The Mission of the Acton Institute is to promote a free and virtuous society characterized by individual liberty and sustained by religious principles.

How could Christian philosophers not be stakeholders of such a mission?
If you are a Christian philosopher that is bored or maybe burnt-out with doing philosophy just for the sake of professional philosophy, connect with the Acton Institute! Subscribe to their stimulating, cutting-edge, and historically-mindful peer-review publication, the Journal of Markets and Morality.
If you are a Christian philosopher that longs for deep, abiding, rewarding interdisciplinary work that appreciates the convergence between a theology of human personhood and an economics of human action, come to Acton University!

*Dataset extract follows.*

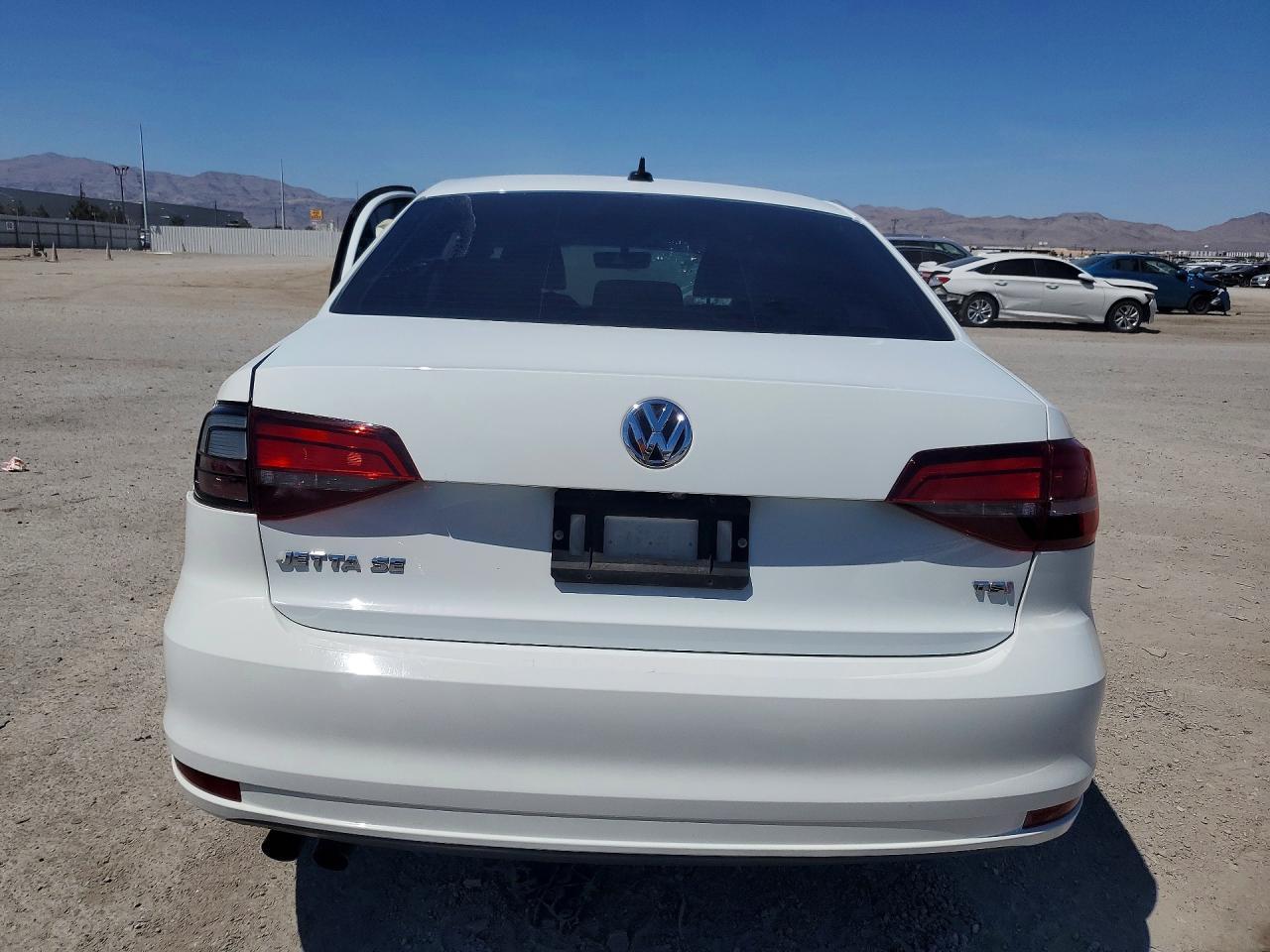2017 Volkswagen Jetta Se - Image 6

Regardless if you are an undergrad, grad, PhD, post-grad or professor of philosophy, come and belong.
Over the years, various EPS members have taught at Acton events (e.g., Scott Rae, Jay Richards, and Craig Mitchell immediately come to mind), they have collaborated with others to help create helpful content, and many more have attended numerous Acton-sponsored events.
For Christian philosophers, the work of the Acton Institute is for more than just the self-identified ethics professors (although, if you are a Christian ethics professor and you’ve never attended Acton University, may I simply say with all charity intended, shame on you!).
Briefly and rather quickly, here are some possible projects that EPS members could develop under the inspiration of the Acton Institute’s mission and endeavor:
  • Ontology of money, wealth, business, corruption, rights, civic order, freedom, virtue, public good, markets, social institutions and order, culture, power, law, human flourishing, envy, greed, wealth accumulation vs. divestment, work and play,  etc.
  • Philosophical anthropology of human persons and actions that’s most conducive to accounting for ordered freedom, human dignity, distinctiveness of humans as economic actors; our concept of human embodiment and the work that such a concept can do in light
  • Epistemological factors, ranging from which sources of knowledge and epistemic traditions are helpful to understanding the economics of human action; the epistemic status of “common grace” and natural moral law as a witness to human responsibilities and duties toward our neighbor.
  • In philosophy of religion, how our conceptions of the original sin, evil, and corruption have philosophical pay-off for a theology of economics; how our philosophical conceptions of creation, the created order, materiality have implication for understanding the nature of material culture and a theology of work.